> [WORK TASK] Using the entries that follow, write out the line containing "A Rounding Exercise", the line containing "square neck with wide straps pj set", and every line between them, exactly and nothing else.

BEGIN DATA SHOWN

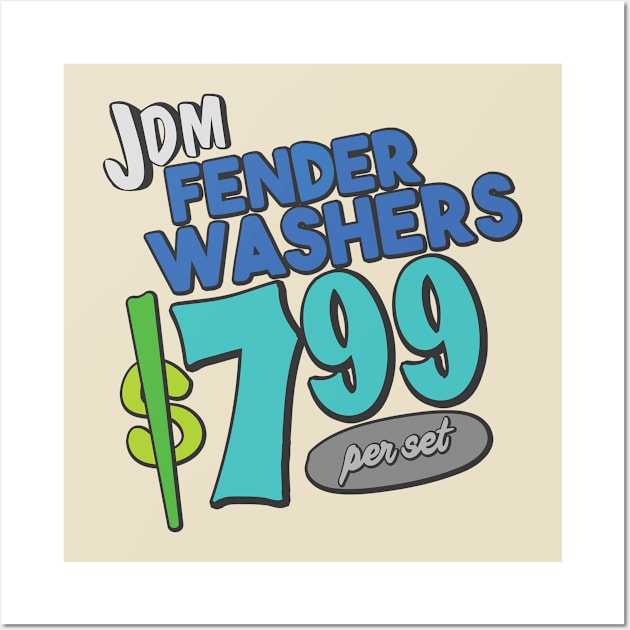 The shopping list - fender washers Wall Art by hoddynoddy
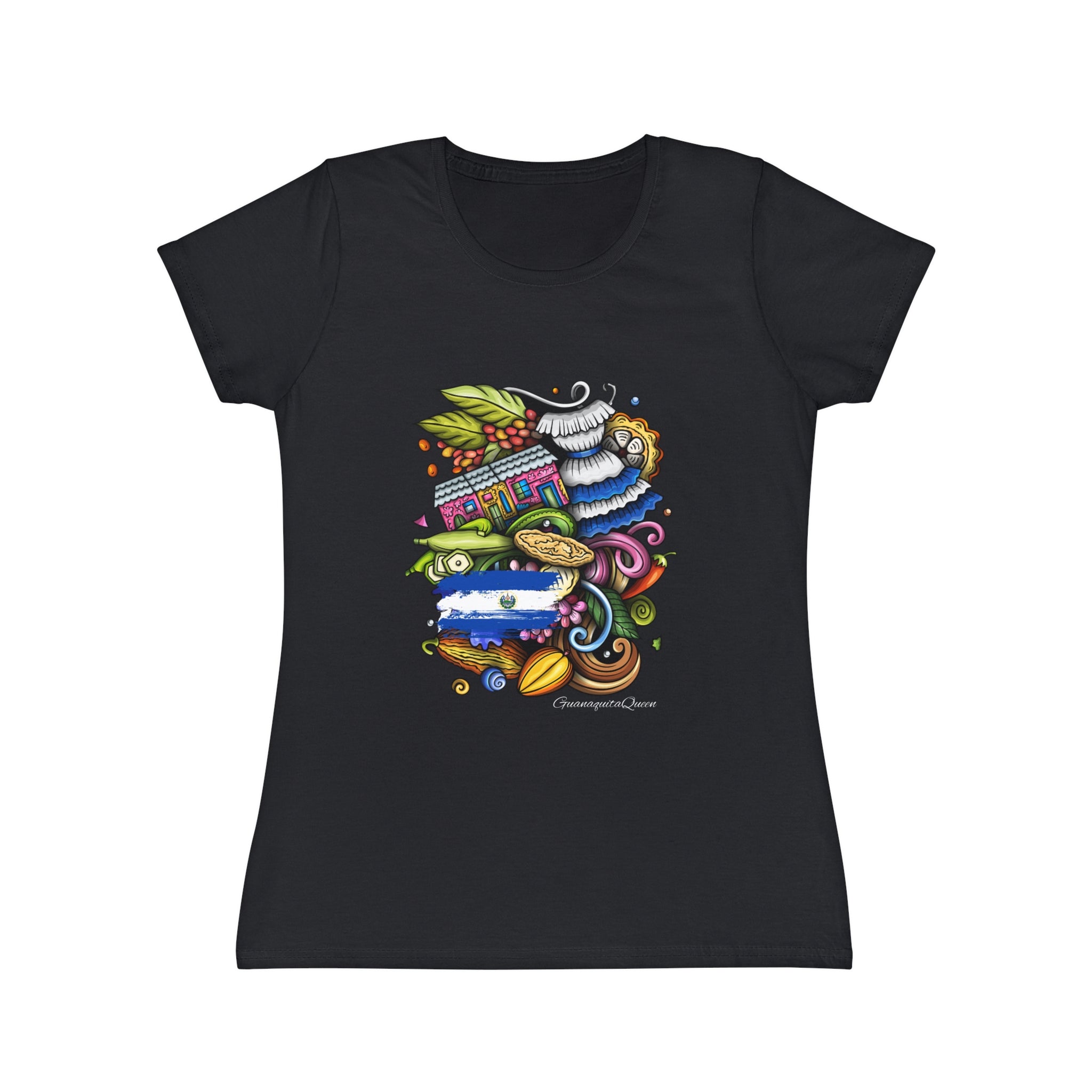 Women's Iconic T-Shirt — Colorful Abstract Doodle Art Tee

END DATA SHOWN
BEGIN DATA SHOWN

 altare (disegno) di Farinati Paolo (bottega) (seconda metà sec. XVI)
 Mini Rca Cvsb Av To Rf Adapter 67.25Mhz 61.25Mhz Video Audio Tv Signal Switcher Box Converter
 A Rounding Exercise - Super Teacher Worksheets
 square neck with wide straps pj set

END DATA SHOWN
BEGIN DATA SHOWN

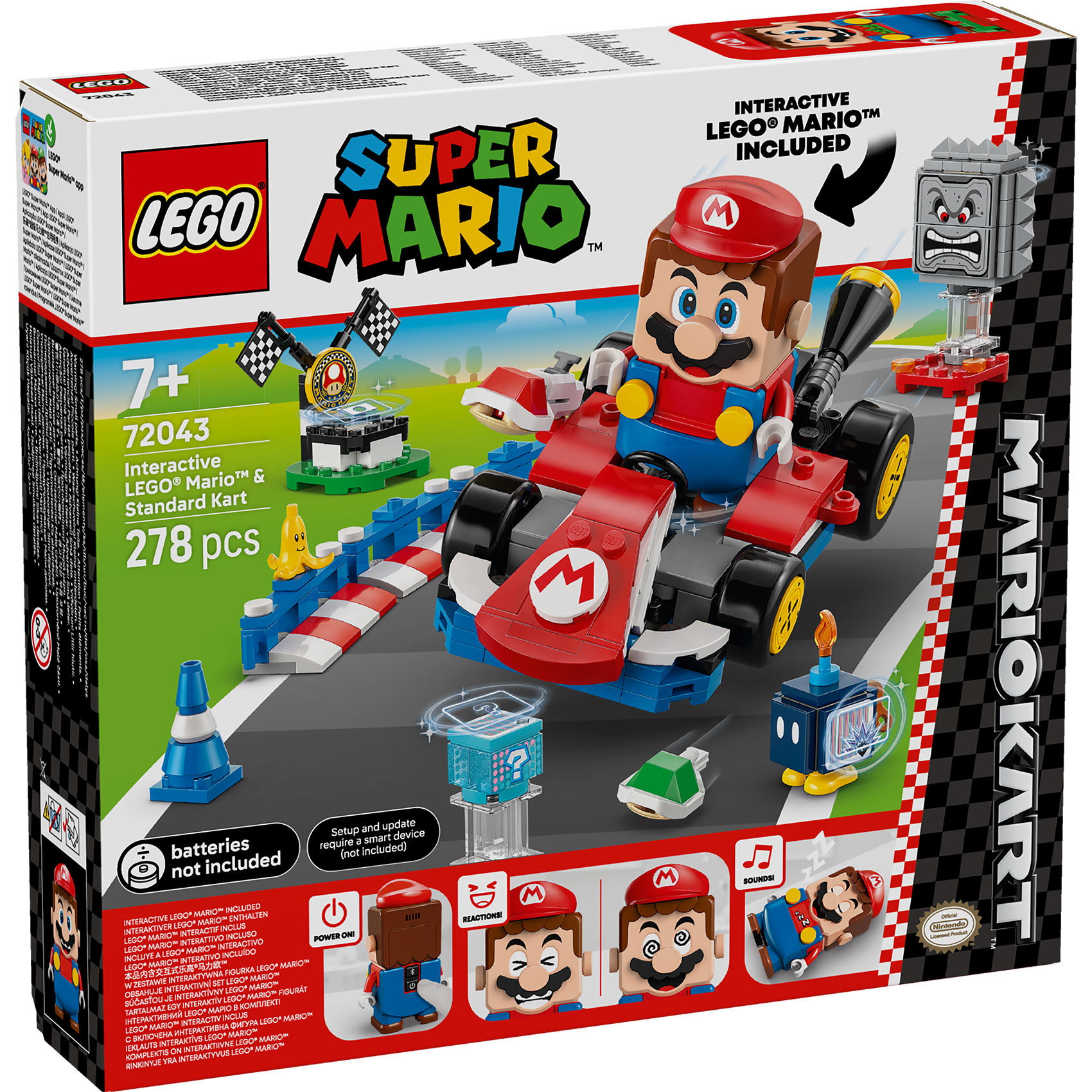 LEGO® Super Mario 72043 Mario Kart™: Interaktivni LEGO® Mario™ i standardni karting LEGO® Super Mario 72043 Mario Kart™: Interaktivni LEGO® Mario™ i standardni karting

END DATA SHOWN

> [EXERCISE RESPONSE]
 A Rounding Exercise - Super Teacher Worksheets
 square neck with wide straps pj set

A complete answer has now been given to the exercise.